Circulating insulin-like growth factor-I and risk of 25 common conditions: outcome-wide analyses in the UK Biobank Study
Papier K., Knuppel A., Perez-Cornago A., Watts E., Tong TYN., Schmidt J., Allen N., Key T., Travis R.
Background While there is strong epidemiological evidence that circulating insulin-like growth factor-I (IGF-I) is associated with a higher risk of several cancers, little is known about its association with non-cancer outcomes. We investigated associations of circulating IGF-I with risk of 25 common conditions, other than cancer, in a large British cohort. Methods Study participants were 318 749 middle-aged adults enrolled in the UK Biobank Study. Serum IGF-I concentration was measured in samples collected at baseline (2006-2010), and re-measured in 12 334 participants after an average of 4.3 years. We followed-up participants over an average of 11.5 years by linking to hospital admissions and mortality registries. Multivariable-adjusted Cox regressions estimated hazard ratios (HRs) and 95% confidence intervals (CIs) for associations between circulating IGF-I and 25 common conditions, using the repeated IGF-I measurements to correct for regression dilution bias. Results After correction for multiple testing ( P <0.002), IGF-I was positively associated with carpal tunnel syndrome (HR per 5 nmol/l higher concentration=1.12, 95% CI, 1.08-1.16), and inversely associated with varicose veins (0.90, 0.85-0.95), cataracts (0.97, 0.95-0.99), diabetes (0.92, 0.90-0.95), and iron deficiency anaemia (0.90, 0.86-0.93). The associations for cataracts and diabetes attenuated when restricted to cases diagnosed after five or more years of follow-up, suggesting that these associations were likely affected by reverse causality.
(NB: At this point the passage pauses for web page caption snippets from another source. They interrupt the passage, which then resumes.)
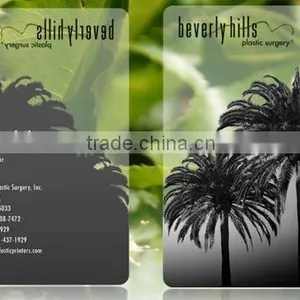 Clear 4C/4C Printing Transparent PVC Card thumbnail-3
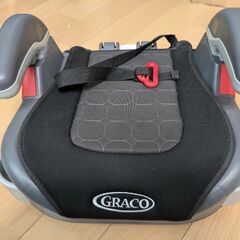 GRACO ジュニアシートの画像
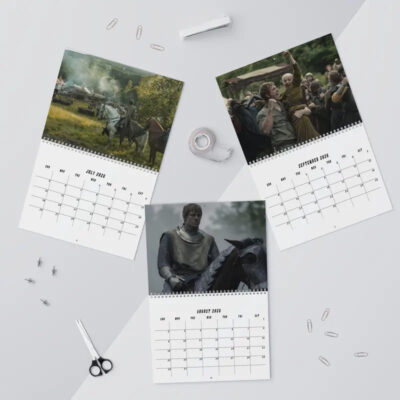 A Knight Of The Seven Kingdoms 2026 Calendar
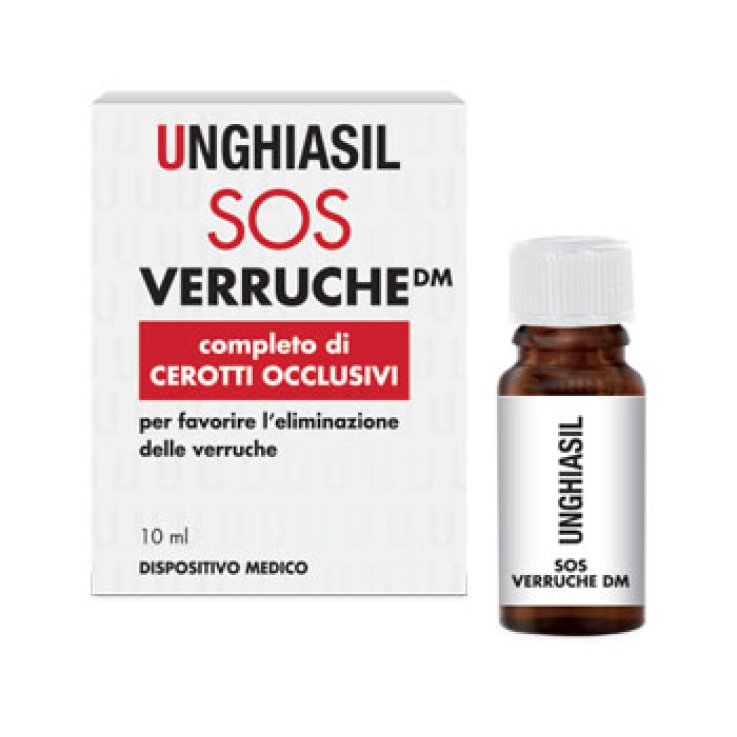 UNGHIASIL SOS VERRUCHE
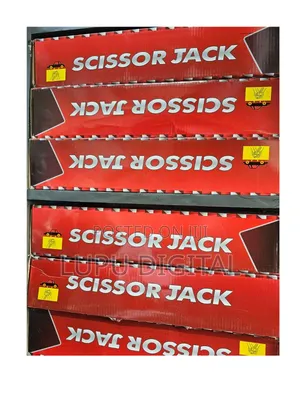 Scissor Jack 2 Tonnes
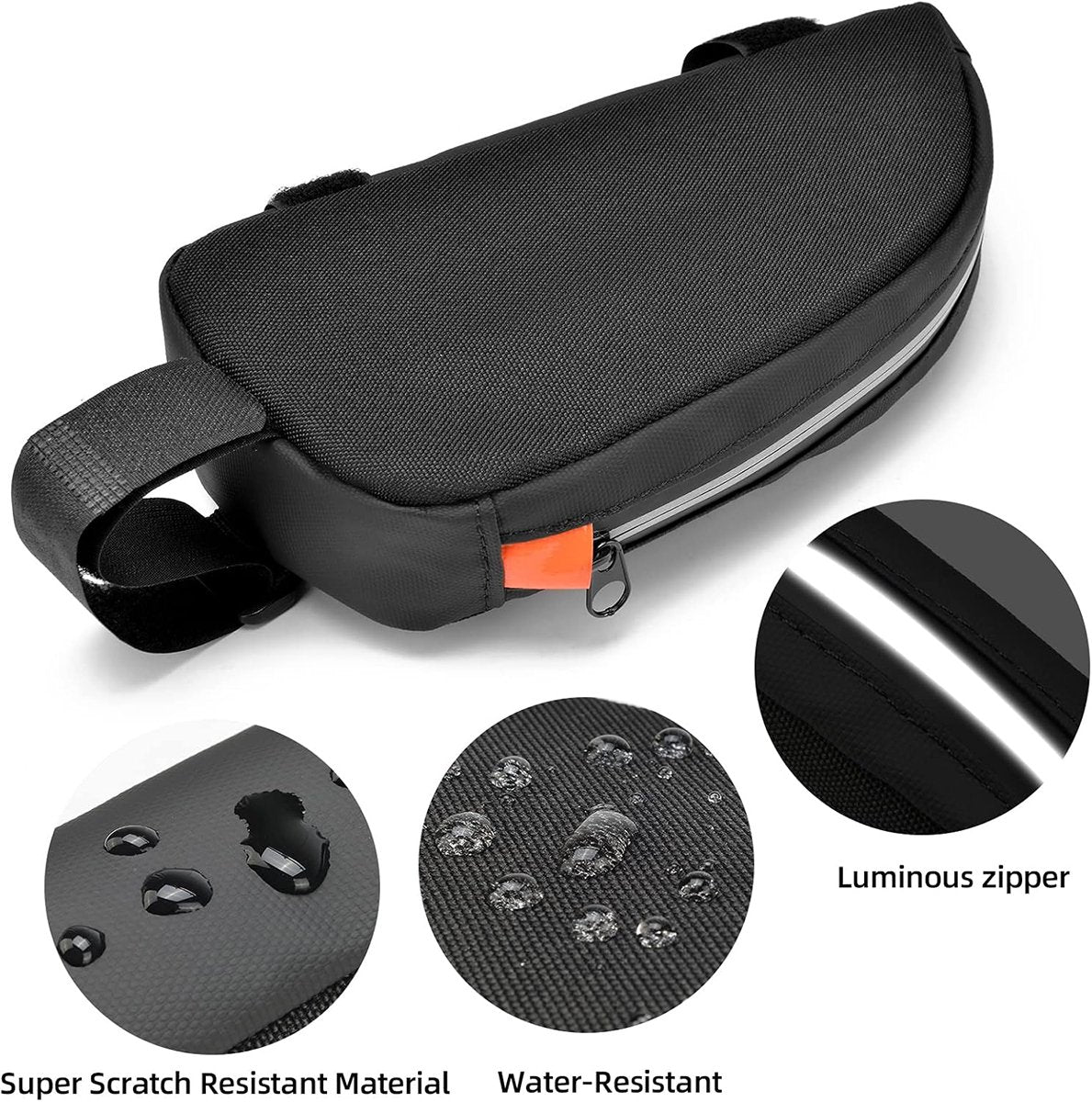 Top Tube Waterproof Bento Bag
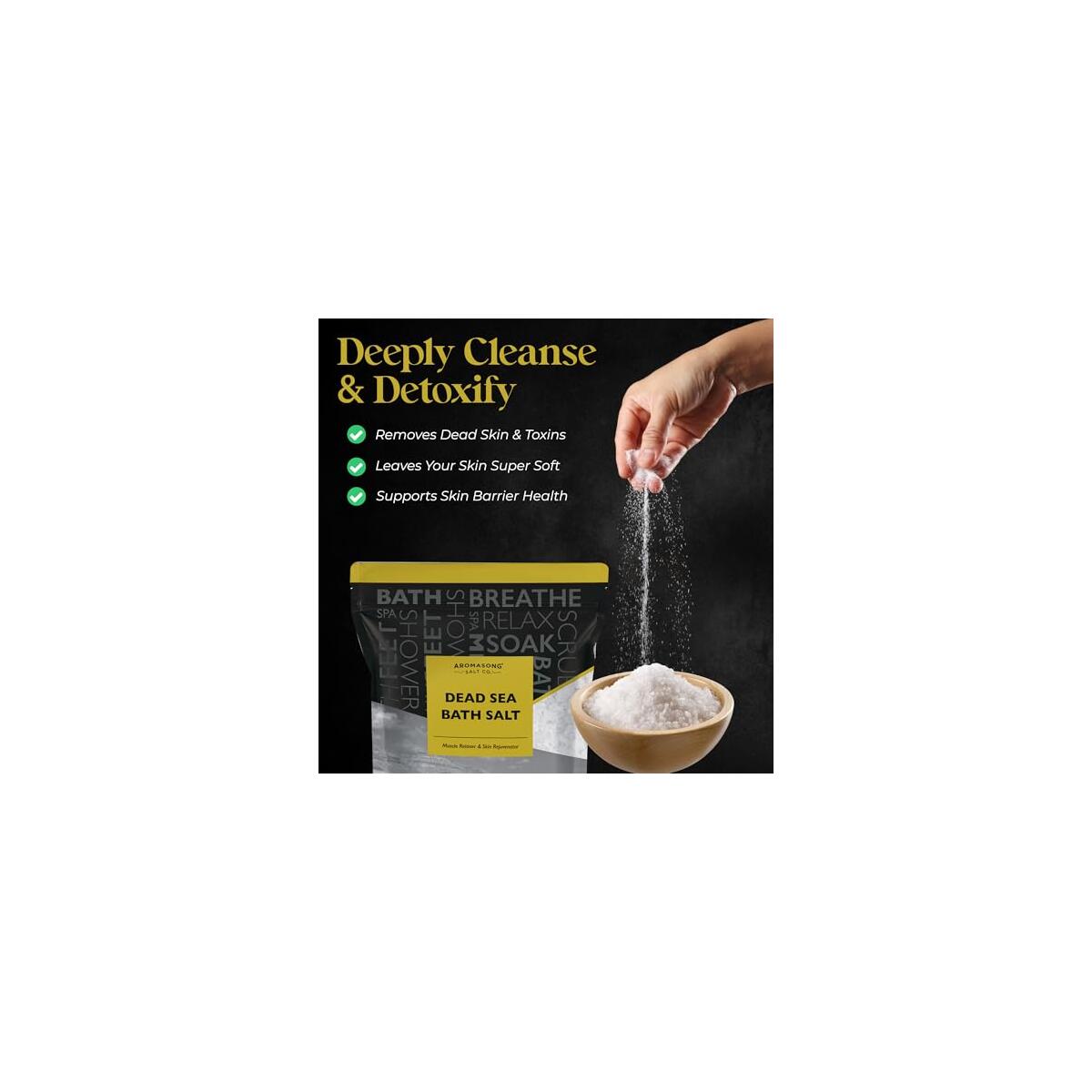 Dead Sea Bath Salt Deals - RebateKey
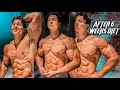 Tiefstgewicht nach 6 Wochen Diät! Shredded Workout im GoldsGym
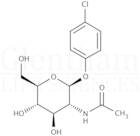 4-Chlorophenyl 2-acetamido-2-deoxy-b-D-glucopyranoside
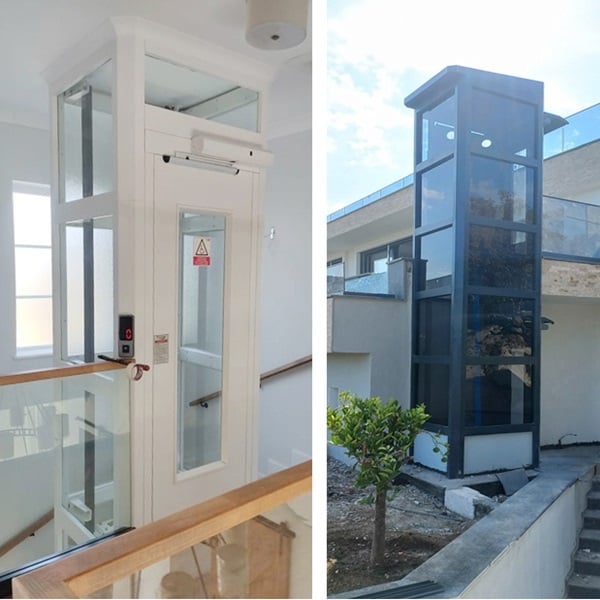 Lifturi tip ascensor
Conclusions Higher IGF-I concentration might be associated with the risk for several conditions, but genetic studies are needed to clarify which associations may be causal. Key messages Evidence on the association between circulating insulin-like growth factor-I (IGF-I) and risk of many common, non-cancer health outcomes in the general population is relatively limited. This study used an outcome-wide approach to prospectively examine associations of circulating IGF-I with risk of 25 common conditions in a large, prospective cohort of over 300,000 UK adults. Our study showed that circulating IGF-I is associated with risks of several common diseases and conditions; IGF-I was positively associated with carpal tunnel syndrome and inversely associated with varicose veins, cataracts, diabetes, and iron deficiency anaemia. Further research is needed to evaluate whether these differences in risk may reflect causal relationships.